Por um momento, o rapaz ficou pensativo, olhando pela janela aquelas ruas do centro onde cresceu. Mas tudo lhe parecia tão estranho…

“E o restaurante que seu amigo trabalhava, o… qual era o nome dele mesmo? Eduardo?” — perguntou o jovem, com uma expressão um tanto confusa com aquele lugar, olhando atentamente todas as casas novas, lojas desconhecidas e prédios altos que passavam a sua frente.

“Também fechou, virou uma loja. E o Eduardo foi trabalhar no escritório do lado da firma, depois que se divorciou. Mas a gente não se viu mais depois que eles se separaram. Às vezes, mas bem de vez em quando mesmo, a gente se encontra na rua e um fala oi para o outro e só.”
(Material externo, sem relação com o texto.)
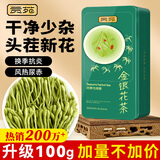 贡苑 金银花茶100g 特优级清凉茶干花火泡水去婴儿童湿热疹泡澡搭菊花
“Nossa, mas que aconteceu?”

“Ah, às vezes a vida não acontece como a gente planejou, sabe como é…”

“Uma pena, adorava conversar com ele e a esposa…”

“O Rubens lá do bar ouviu do primo do Eduardo que ele queria mudar para longe daqui. E que ouviu da sobrinha do vizinho dela que ela se casou com o filho da Dona Lurdes, lembra dela? Os dois se mudaram para Portugal!” — seu pai deu uma pequena pausa, respirou fundo e continuou — “Já o Eduardo, tá proibido de entrar no bar do Rubens depois de ter brigado com o neto do Rubens, então a gente não conversou muito nos últimos tempos.”

“Nossa, você conseguiu resumir uma cidade pequena em uma fala só! Bom, vamos então em qualquer lugar, deve ter muita opção hoje em dia, não?”

Seu avô virou para ele e lhe disse — “Podemos ir ao shopping novo, se você quiser, lá tem bastante coisa na praça de alimentação, que acha? Aí você já conhece o lugar, a gente passeia e toma um sorvete lá mesmo depois.”

“Shopping novo?” — o jovem perguntou assustado — “Aquele shopping antigo já não era o suficiente para essa cidade? Podiam ter feito um teatro, um centro cultural, sei lá.”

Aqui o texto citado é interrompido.